◆ Task directions
Starting with the line containing "Shawn Bradley; screenshot from Youtube" and going on through the line containing "Apartamento Ade Apartment", return the lines of the data below exactly, and only those.

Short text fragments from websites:
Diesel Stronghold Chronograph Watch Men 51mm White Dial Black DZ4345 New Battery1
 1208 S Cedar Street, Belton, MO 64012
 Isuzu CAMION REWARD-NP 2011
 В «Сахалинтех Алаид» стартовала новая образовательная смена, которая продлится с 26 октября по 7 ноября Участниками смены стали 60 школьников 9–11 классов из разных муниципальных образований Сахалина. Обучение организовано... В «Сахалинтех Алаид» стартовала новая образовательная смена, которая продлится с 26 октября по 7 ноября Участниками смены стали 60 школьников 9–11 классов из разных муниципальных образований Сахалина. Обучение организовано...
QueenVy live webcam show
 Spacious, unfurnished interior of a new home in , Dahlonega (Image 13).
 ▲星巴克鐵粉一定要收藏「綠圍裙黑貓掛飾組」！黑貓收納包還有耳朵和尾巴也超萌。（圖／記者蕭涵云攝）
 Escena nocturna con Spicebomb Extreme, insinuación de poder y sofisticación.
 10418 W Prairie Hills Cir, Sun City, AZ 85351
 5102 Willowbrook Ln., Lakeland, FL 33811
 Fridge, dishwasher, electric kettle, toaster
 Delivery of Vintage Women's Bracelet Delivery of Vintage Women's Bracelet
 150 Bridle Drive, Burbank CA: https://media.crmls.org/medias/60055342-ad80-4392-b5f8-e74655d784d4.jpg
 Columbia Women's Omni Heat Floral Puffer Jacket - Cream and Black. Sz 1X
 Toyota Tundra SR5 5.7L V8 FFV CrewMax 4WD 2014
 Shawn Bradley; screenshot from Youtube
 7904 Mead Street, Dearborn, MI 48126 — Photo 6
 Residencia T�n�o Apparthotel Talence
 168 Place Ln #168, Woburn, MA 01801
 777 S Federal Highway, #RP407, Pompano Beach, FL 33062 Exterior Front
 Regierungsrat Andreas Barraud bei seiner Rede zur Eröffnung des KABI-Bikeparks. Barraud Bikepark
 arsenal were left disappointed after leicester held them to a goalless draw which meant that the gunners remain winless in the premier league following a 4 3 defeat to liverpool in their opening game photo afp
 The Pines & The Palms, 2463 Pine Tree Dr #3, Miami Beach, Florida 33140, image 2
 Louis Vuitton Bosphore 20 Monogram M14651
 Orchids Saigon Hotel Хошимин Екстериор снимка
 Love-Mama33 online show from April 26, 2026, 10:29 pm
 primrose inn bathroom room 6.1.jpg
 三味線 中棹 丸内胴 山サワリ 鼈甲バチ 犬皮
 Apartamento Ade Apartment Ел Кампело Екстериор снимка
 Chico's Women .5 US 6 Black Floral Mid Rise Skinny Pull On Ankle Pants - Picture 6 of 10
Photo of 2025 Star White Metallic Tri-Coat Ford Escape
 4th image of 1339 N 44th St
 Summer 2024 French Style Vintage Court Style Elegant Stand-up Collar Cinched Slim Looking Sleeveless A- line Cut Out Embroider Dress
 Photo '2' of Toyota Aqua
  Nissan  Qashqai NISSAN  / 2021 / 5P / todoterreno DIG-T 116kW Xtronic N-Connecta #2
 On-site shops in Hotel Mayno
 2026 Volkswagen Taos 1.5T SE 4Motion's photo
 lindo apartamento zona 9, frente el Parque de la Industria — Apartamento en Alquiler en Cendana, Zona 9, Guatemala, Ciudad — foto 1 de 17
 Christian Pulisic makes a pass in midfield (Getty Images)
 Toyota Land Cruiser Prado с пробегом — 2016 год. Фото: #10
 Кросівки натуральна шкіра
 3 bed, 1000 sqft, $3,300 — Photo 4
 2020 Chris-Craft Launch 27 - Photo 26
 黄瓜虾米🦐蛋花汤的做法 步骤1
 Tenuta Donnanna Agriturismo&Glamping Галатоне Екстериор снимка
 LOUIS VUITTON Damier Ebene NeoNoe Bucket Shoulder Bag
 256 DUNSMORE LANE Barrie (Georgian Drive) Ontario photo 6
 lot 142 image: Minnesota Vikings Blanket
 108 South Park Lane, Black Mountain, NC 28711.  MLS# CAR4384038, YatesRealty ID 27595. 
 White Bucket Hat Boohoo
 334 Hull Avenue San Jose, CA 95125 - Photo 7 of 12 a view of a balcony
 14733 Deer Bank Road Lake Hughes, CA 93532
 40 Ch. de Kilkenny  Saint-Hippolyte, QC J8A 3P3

◆ Solution
 Shawn Bradley; screenshot from Youtube
 7904 Mead Street, Dearborn, MI 48126 — Photo 6
 Residencia T�n�o Apparthotel Talence
 168 Place Ln #168, Woburn, MA 01801
 777 S Federal Highway, #RP407, Pompano Beach, FL 33062 Exterior Front
 Regierungsrat Andreas Barraud bei seiner Rede zur Eröffnung des KABI-Bikeparks. Barraud Bikepark
 arsenal were left disappointed after leicester held them to a goalless draw which meant that the gunners remain winless in the premier league following a 4 3 defeat to liverpool in their opening game photo afp
 The Pines & The Palms, 2463 Pine Tree Dr #3, Miami Beach, Florida 33140, image 2
 Louis Vuitton Bosphore 20 Monogram M14651
 Orchids Saigon Hotel Хошимин Екстериор снимка
 Love-Mama33 online show from April 26, 2026, 10:29 pm
 primrose inn bathroom room 6.1.jpg
 三味線 中棹 丸内胴 山サワリ 鼈甲バチ 犬皮
 Apartamento Ade Apartment Ел Кампело Екстериор снимка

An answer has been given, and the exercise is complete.